(Updates throughout)
By Bate Felix and Ikuko Kao
LONDON, April 8 (Reuters) - Oil prices held firm on Tuesday
after a refinery fire in Europe pressured already tight stocks
of refined products and the U.S. government's energy forecaster
predicted supplies would struggle to keep pace with demand.
U.S. crude <CLc1> fell by eight cents to $109.01 a barrel by
1452 GMT after a $3 jump on Monday. London Brent crude <LCOc1>
shed 14 cents to $107.
The energy complex was driven higher by strength in gas oil
futures, the benchmark for heating oil and diesel in Europe,
which hit a record level for a second day running.
London's gas oil futures <LGOc1> hit a new peak of $1,017 a
tonne, before easing slightly to $1,006.50.
"We made new highs this morning led by gas oil," said
Christopher Bellew of brokerage Bache Financial. "Oil is still
very strong."
European diesel supplies have been tight since last year
because of stricter environmental regulations and refinery
outages.
Supplies have come under further strain after a fire at a
diesel unit at Finnish refiner Neste Oil's 200,000 barrels per
day (bpd) Porvoo plant.
Neste said on Tuesday repairs would last into May after a
fire on Friday.
U.S. PRODUCTS ALSO TIGHT
Distillate supplies, including diesel and heating oil, were
also tight in the United States, the world's top energy
consumer.
In the near term, weakening demand could help stocks to
build.
But in a monthly report, the U.S. government's Energy
Information Administration (EIA) said supply increases from both
the Organization of the Petroleum Exporting Countries (OPEC) and
non-OPEC countries would be less than previously thought.
For the first time, it raised its full-year forecast for
U.S. light crude to more than $100 a barrel and said a slowing
U.S. economy would not be enough to check soaring oil demand.
[]
On Wednesday, the EIA is scheduled to release weekly data,
which is expected to show a 1.4 million barrel drop in
distillate stocks for the week to April 4, according to a
Reuters poll of analysts.
Crude oil inventories were seen rising by 2.2 million
barrels and gasoline falling by 2.6 million barrels. []

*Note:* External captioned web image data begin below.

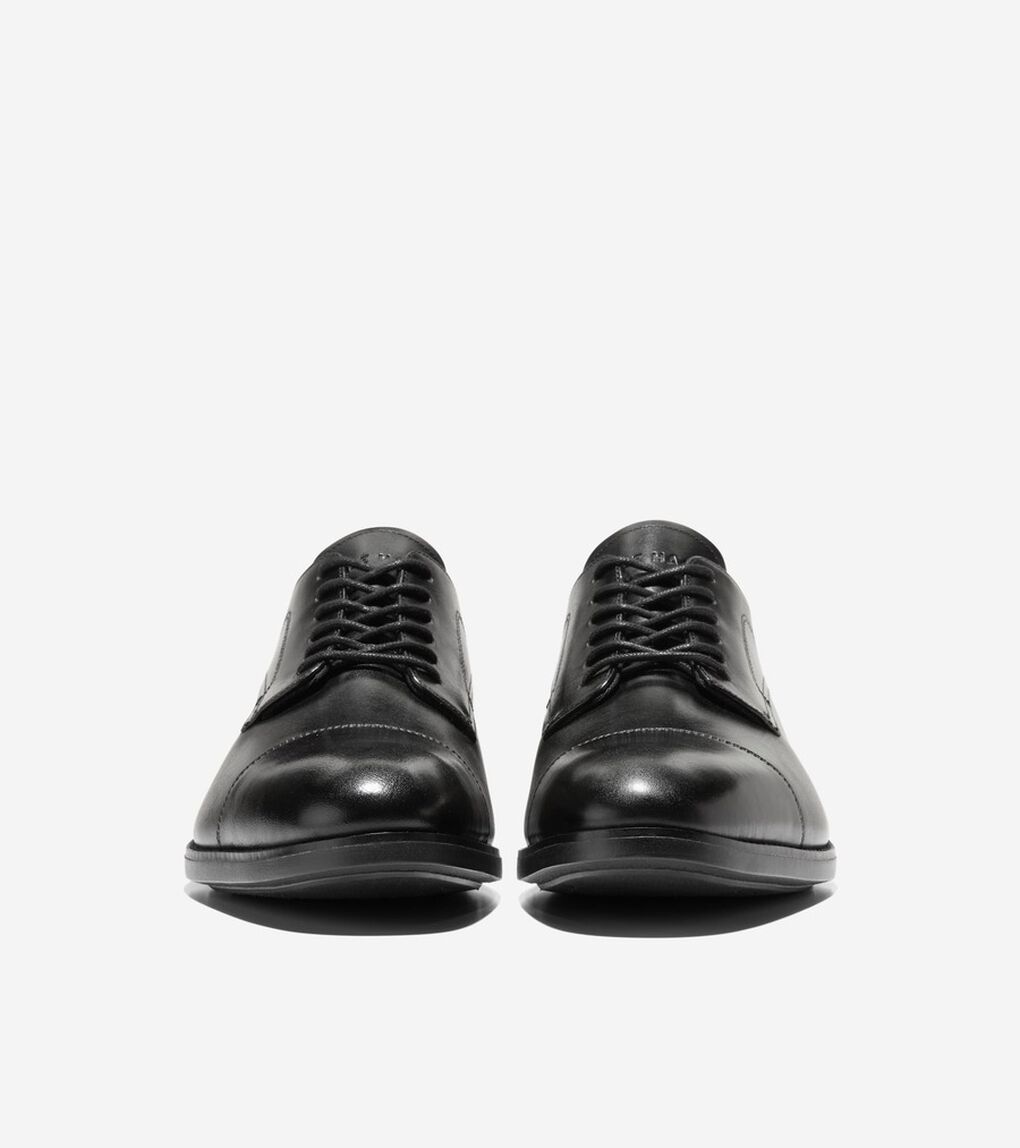 ハーモン グランド キャップトゥオックスフォード mens.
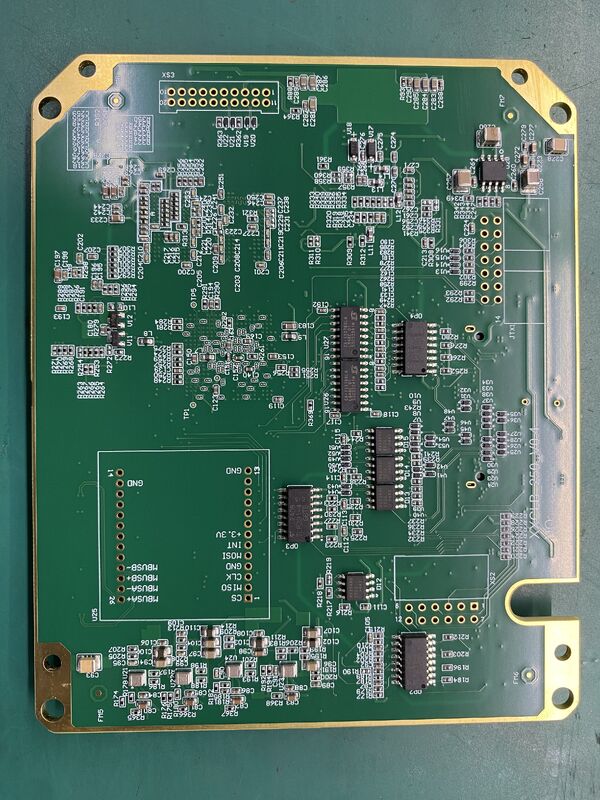 Pcb di comunicazione alta Tg180 corrente pesante dimensioni personalizzate Pcb progettato per la gestione e la distribuzione di energia elettrica
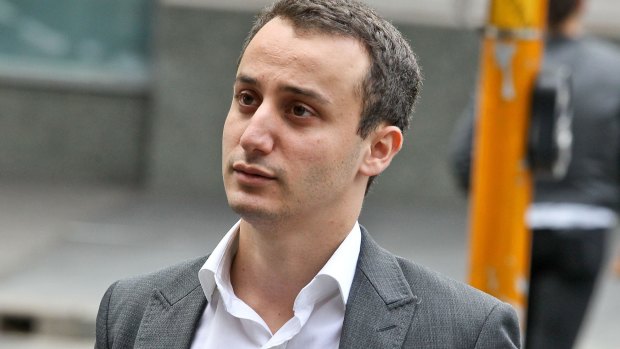 Acquitted of rape: Luke Lazarus.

OPEC has said inventories are ample and has so far rejected
calls from consumers for more oil.
The group's President Chakib Khelil reiterated on Tuesday
that high oil prices were not caused by a shortage of crude and
he saw no need for OPEC to pump more.
"Nothing has changed to change at least my view of the
situation, which is there is really no need for increasing the
supply," he told reporters on the sidelines of a conference.
OPEC's second largest oil producer Iran has been locked in a
long-standing row with the West over its nuclear programme,
which oil investors fear could lead to supply disruptions.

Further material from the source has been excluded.